Published April 28, 2026 | Version 1
Journal article Open

M.A.R.V.I.N. – A Software-Led Infrastructure for Thermodynamically Grounded Autonomous Materials Discovery

  • 1. ROR icon Arizona State University

Description

MARVIN — short for (Materials Agentic Research, Validation, and Inference Navigation)— is a software-led infrastructure for materials discovery that treats the CALPHAD-derived Gibbs energy function as the universal currency tying every step of an autonomous loop together. The motivation is a concrete gap in the current self-driving-laboratory (SDL) literature: systems like the A-Lab, Ada, and Burger's mobile robotic chemist propose and synthesize candidate compounds without explicit reference to assessed thermodynamic data, which makes it hard to tell whether a product is a genuinely stable equilibrium phase, a kinetically trapped artifact, or simply unreacted precursor. Leeman et al. and Cheetham & Seshadri have made this concrete; MARVIN is a direct response to it.

The architecture is a four-layer pipeline. The first layer ingests data from literature, DFT, NIST-JANAF, and (eventually) live experiments. The second is the CALPHAD core itself — Bayesian thermodynamic database construction with ESPEI, multicomponent equilibrium calculations through pycalphad, precipitation kinetics via kawin, and the self-contained SGTE Gibbs evaluator built for this work. The third is a reasoning engine: a SQLite + NetworkX Knowledge Graph that records every datum with full provenance, and an MCP-tooled multi-agent layer that draws on the Coscientist / ChemCrow / SciAgents lineage for closed-loop reasoning. The fourth layer is the decision-action surface — a Digital Twin dashboard, an RL synthesis optimizer, an Economic Resilience module for supply-chain criticality, and the experiment-dispatch interface. Solid borders in Fig. 1 mark what's actually implemented; dashed borders mark the components that remain designed but not yet operational.

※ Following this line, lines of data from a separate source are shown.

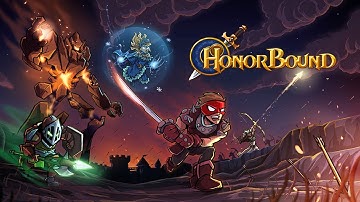 HonorBound - Universal - HD Gameplay Trailer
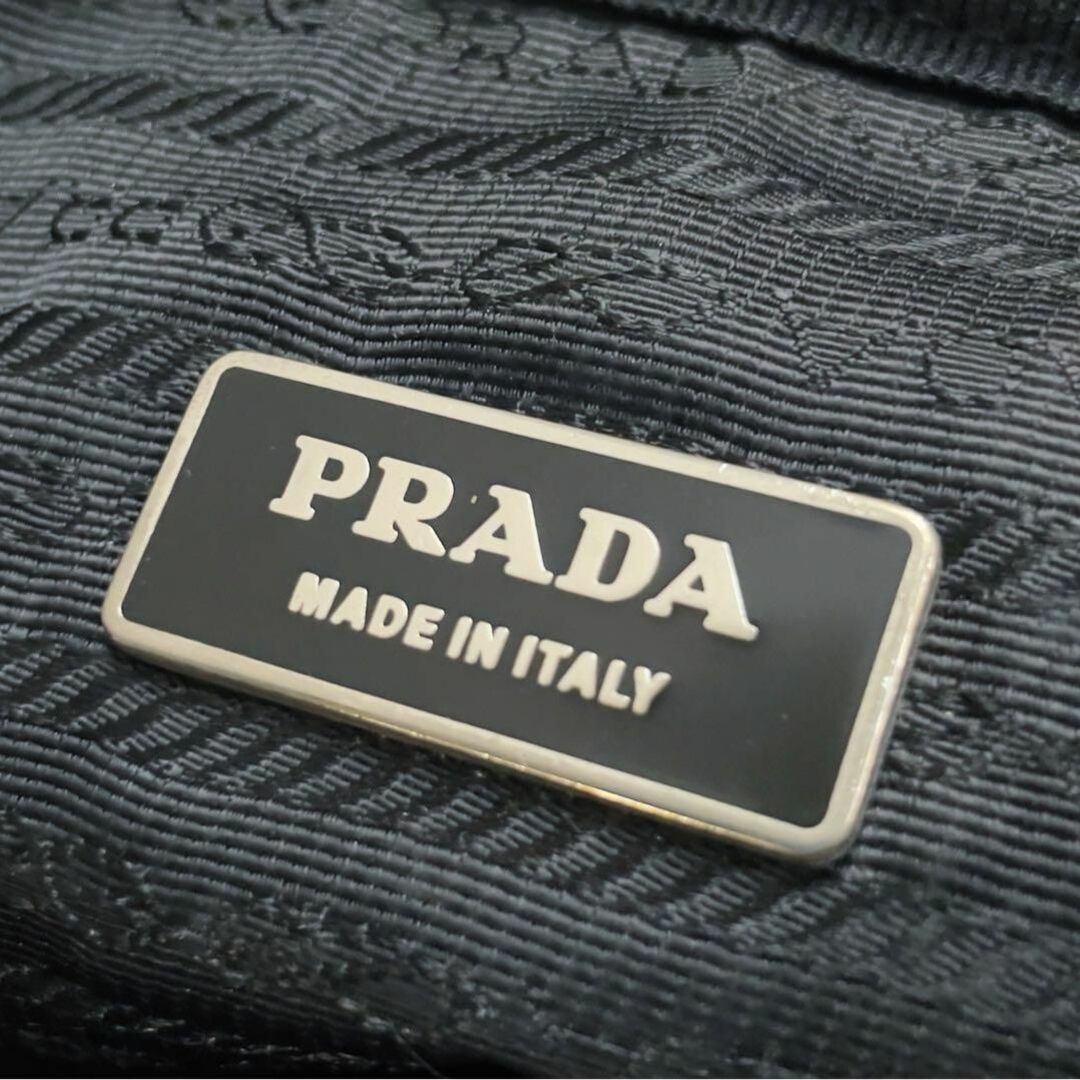 PRADA(プラダ)の【PRADA】プラダ ナイロン ビジネスバッグ VA0609 メンズのバッグ(ビジネスバッグ)の商品写真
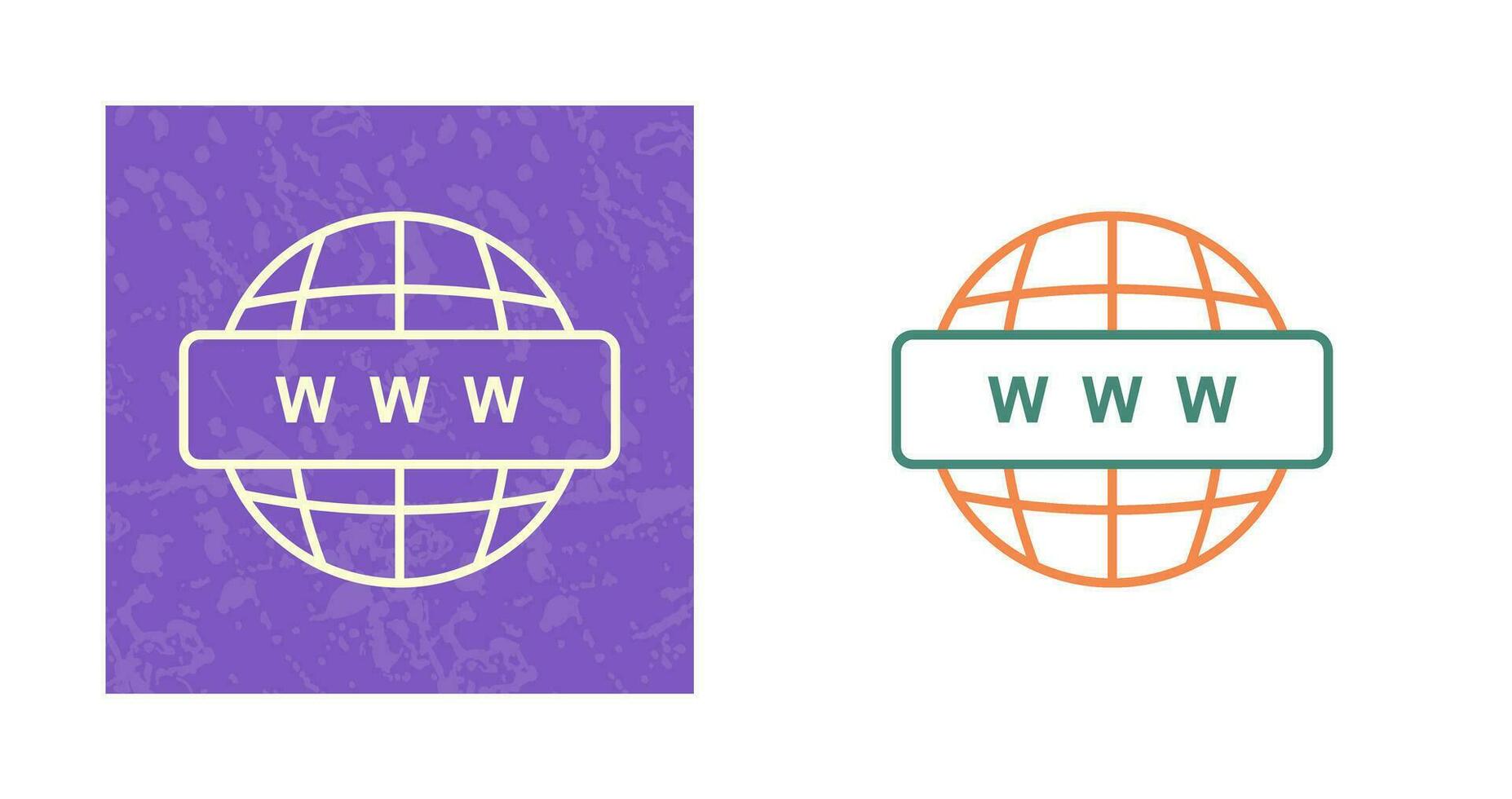 World Wide Web Vector Icon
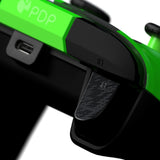 Manette de jeu - Xbox - Rematch Glow Advanced - Filaire - Jolt Green - PDP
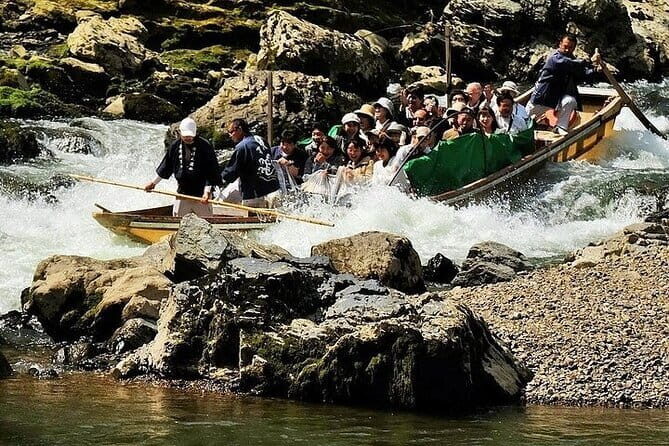 Kyoto Sagano Romantic Train in Arashiyama Bus Tour - Frequently Asked Questions
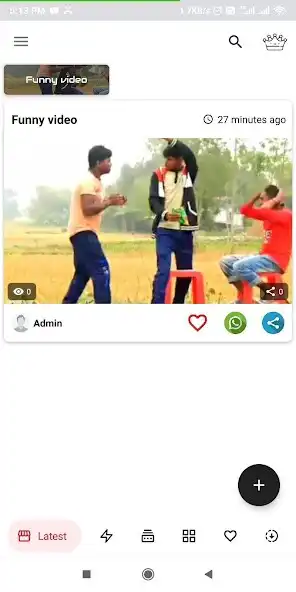 Play Funny Video  and enjoy Funny Video with UptoPlay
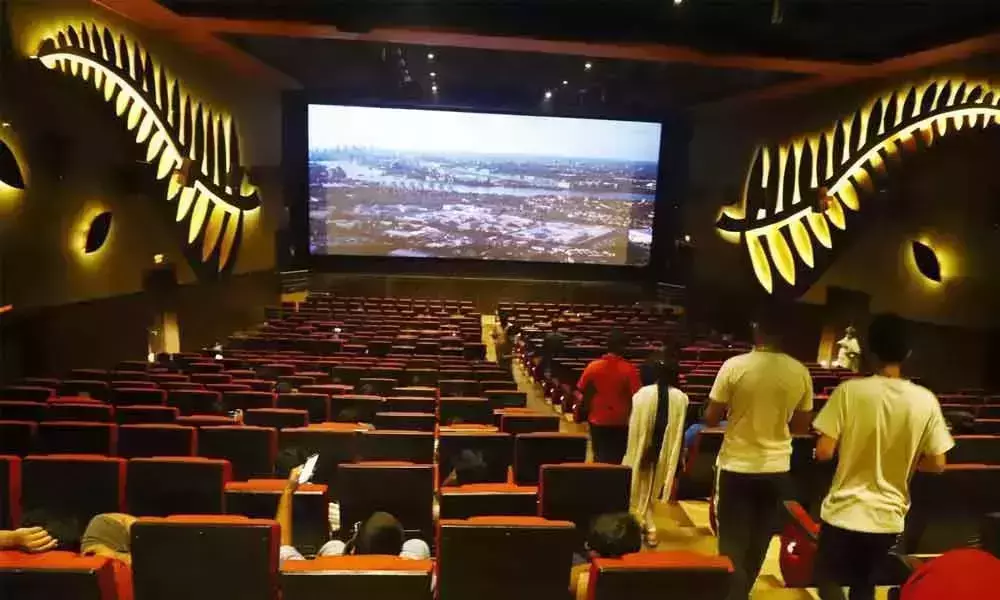 Telangana Movie Theaters Closed From Tomorrow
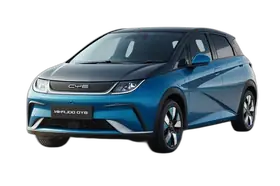 BYD Dolphin Plus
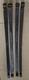 Jeep Willys Ford Gpw Ww2 Nos Gpw Script Rear First & Second Leaf Spring Set Of 4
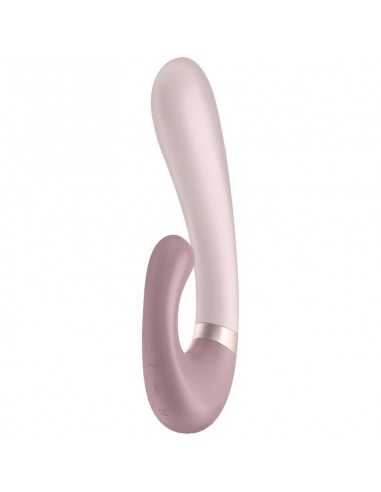 Satisfyer Heat Wave Vibrator - MySexyShop.eu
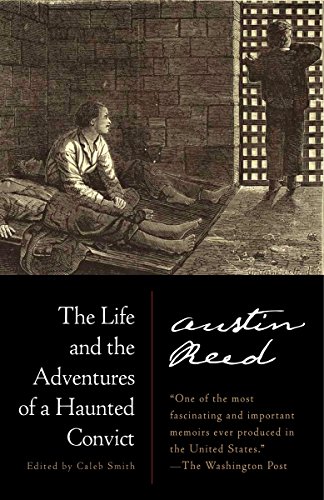 Book Cover The Life and the Adventures of a Haunted Convict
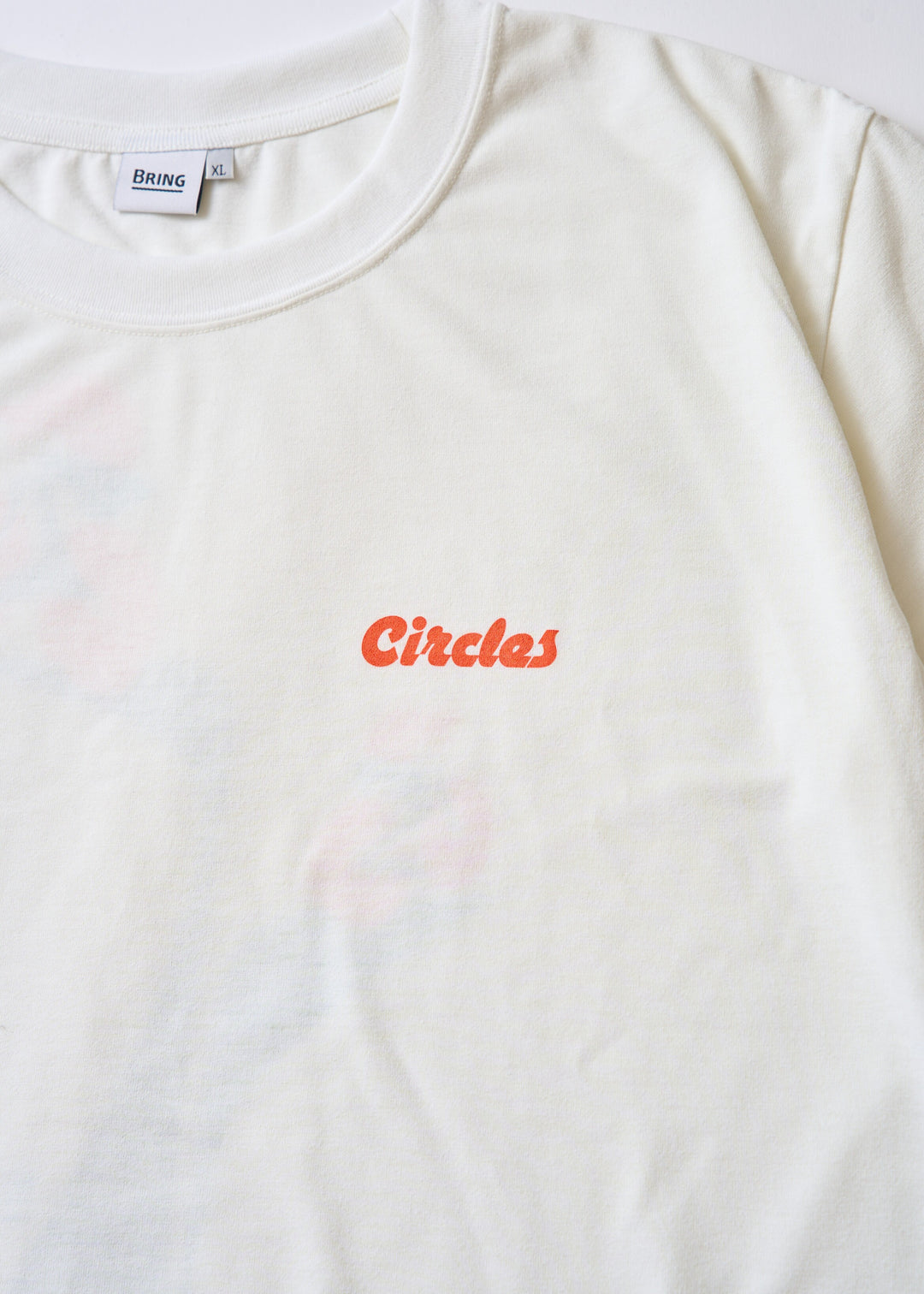 Circles x kan kobayashi x BRING - みんなで自転車に乗ると、花が咲く -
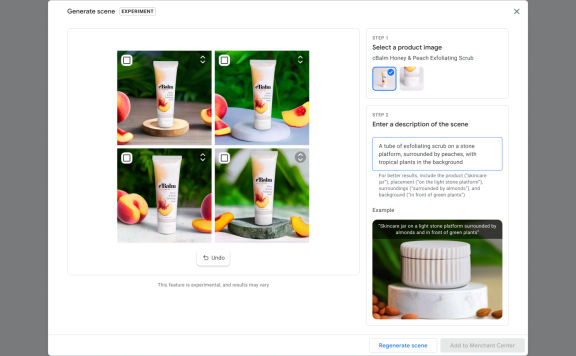 Product Studio-谷歌旗下AI電商工具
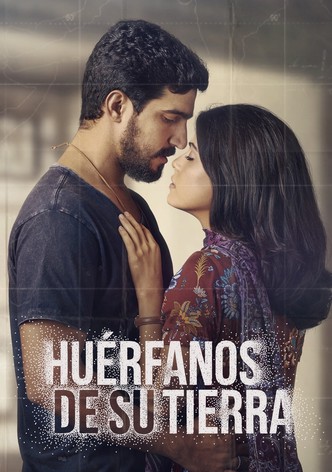 Huérfanos de su tierra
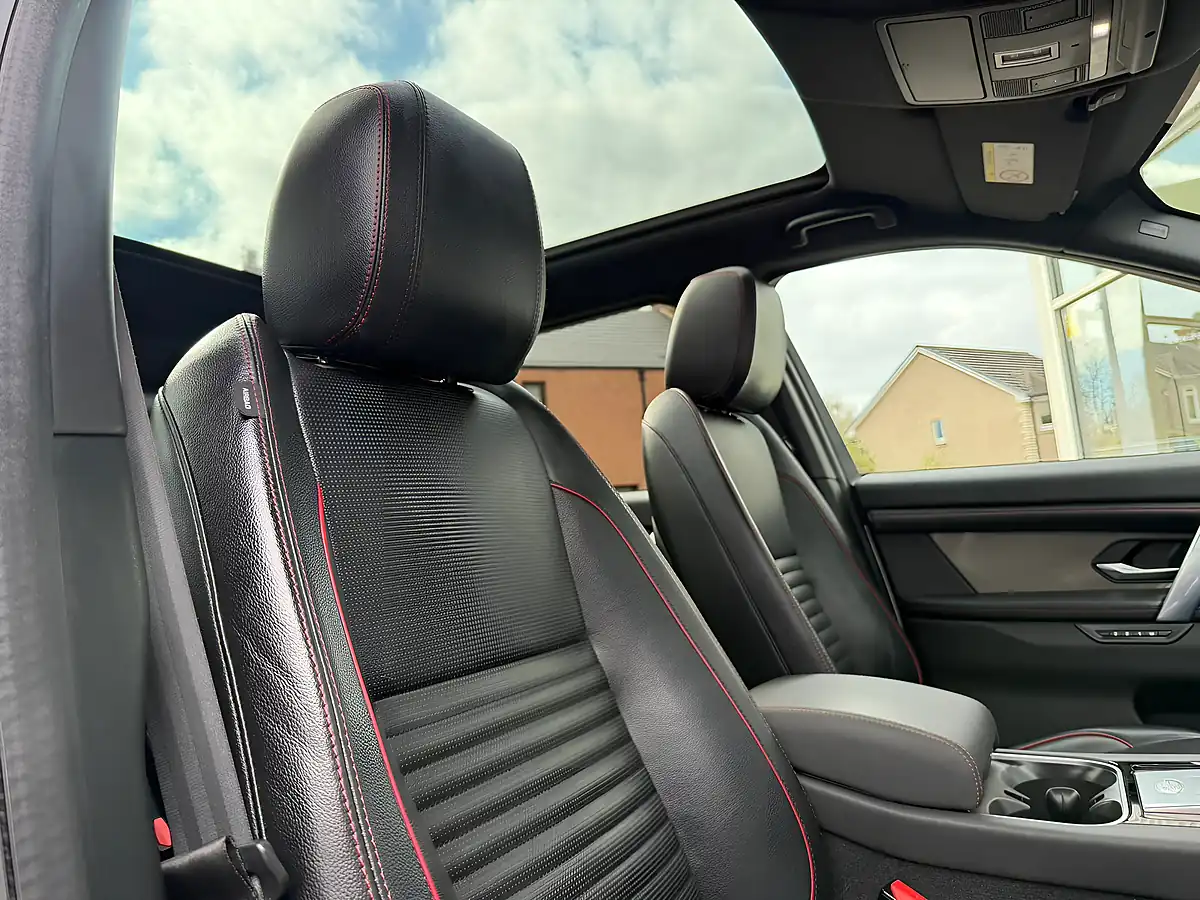 Used 2020 Land Rover Discovery Sport R-Dynamic Se Silver - Interior and Exterior details 11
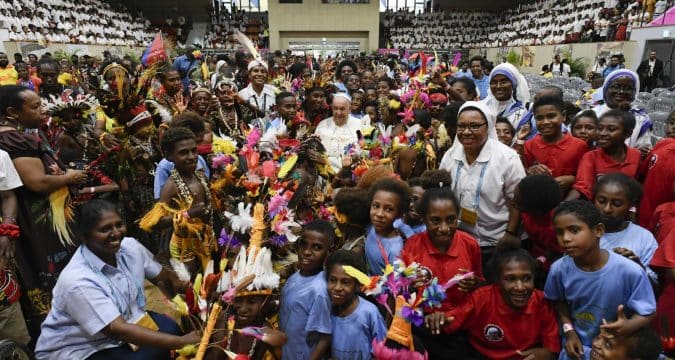 An end to the Eurocentric Church? An end to the Eurocentric Church?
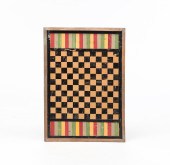 AMERICAN LINOLEUM GAMEBOARD. S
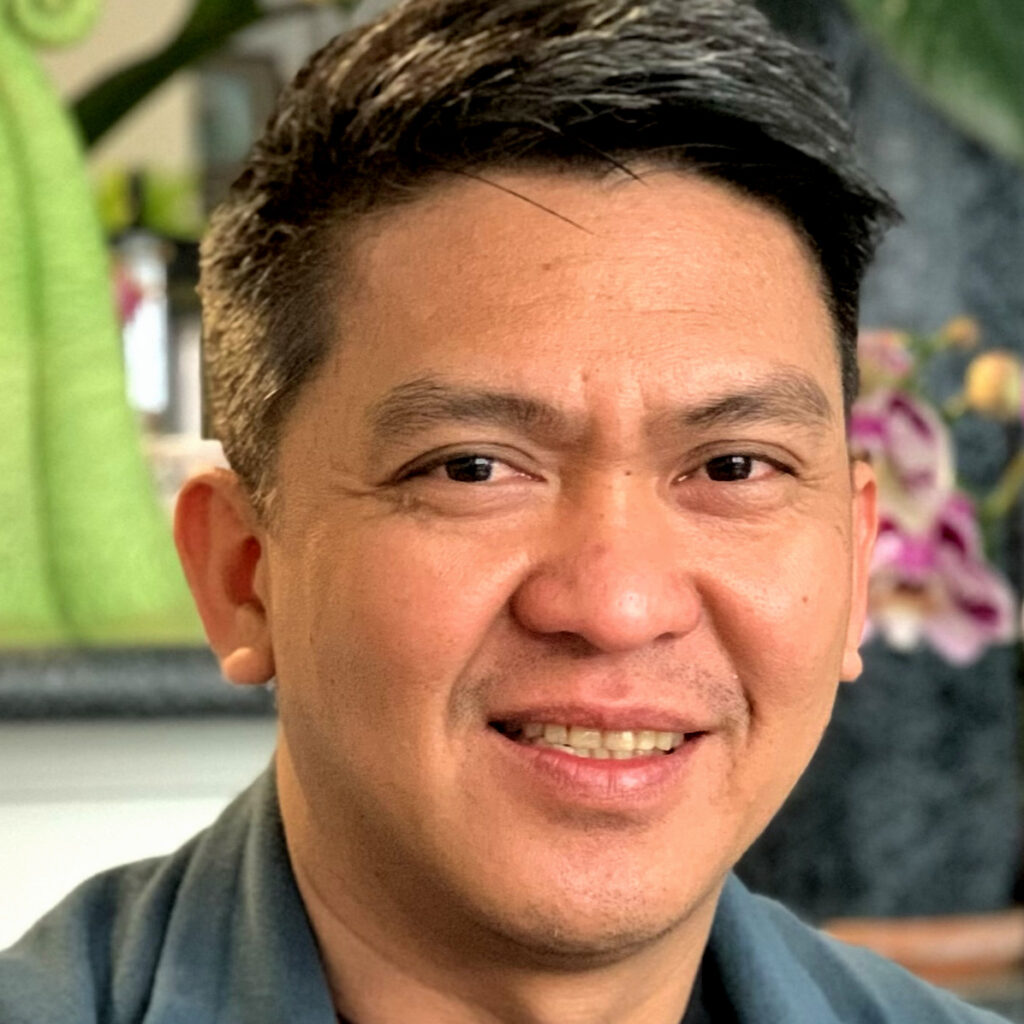 Headshot of Joseph Tagudin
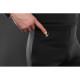 2E Tactical Men's Heated Thermal Underwear eFiber for Men Black, Size XXL (2E-HUEFMXXL-BK)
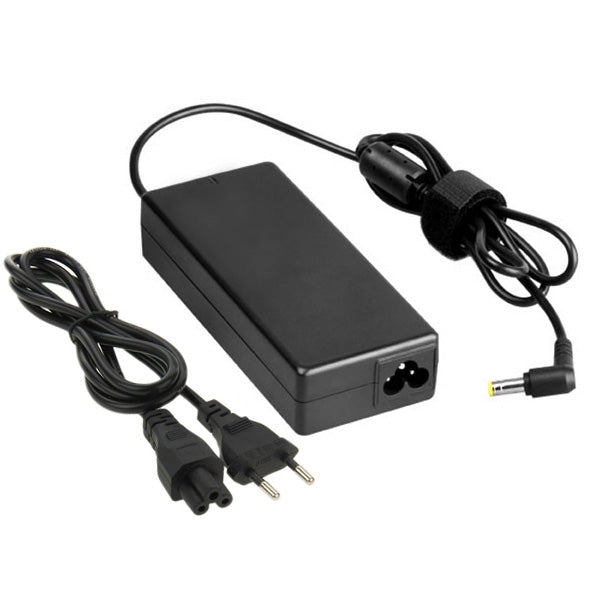 AC Adapter 19V 4.74A 90W for Asus HP COMPAQ Notebook, Output Tips: 5.5 x 2.5mm(EU Plug) - free shipping - PMC TechLife - Order now!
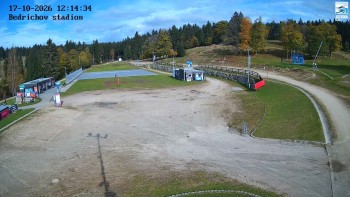 Běžecký lyžařský areál Bedřichov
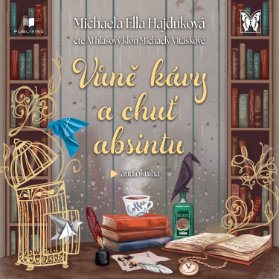Vůně kávy a chuť absintu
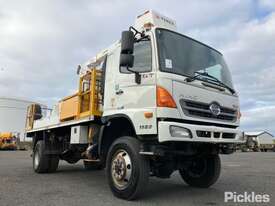 2014 Hino 500 GT 1322 - picture0' - Click to enlarge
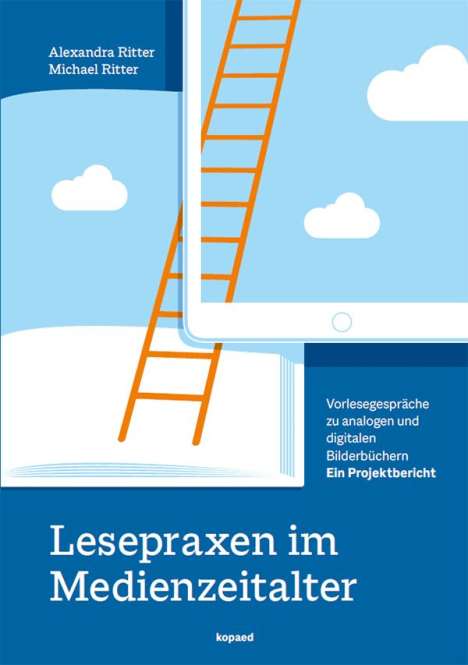 Alexandra Ritter: Lesepraxen im Medienzeitalter, Buch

The case study is garnet-type Li₇La₃Zr₂O₁₂ (LLZO), a leading solid-state-electrolyte candidate that braids together four classic problems — phase metastability, dopant-vacancy charge compensation, surface-chemistry contamination, and supply-chain vulnerability of tantalum. Section 7 reports actual computational results from the implemented half of the architecture: a two-panel Li-O-H Kellogg atmosphere diagram (computed from the Chang & Hallstedt 2011 Li-O TDB plus NIST-JANAF supplements, anchored to Dinsdale 1991 SGTE91 unaries to within 0.001 J/mol), a (T, X(O)) ternary isothermal section by closed-system Gibbs minimization, a Li-O-H-C atmosphere section that sets the Li₂CO₃-formation boundary at log p_CO₂ = −5.6 ± 0.6 dex (NIST-JANAF / Knacke spread) — three orders of magnitude below atmospheric — and a La₂Zr₂O₇ pyrochlore driving-force map that quantifies the thermodynamic envelope for the most-relevant competing phase across the LLZO sintering window.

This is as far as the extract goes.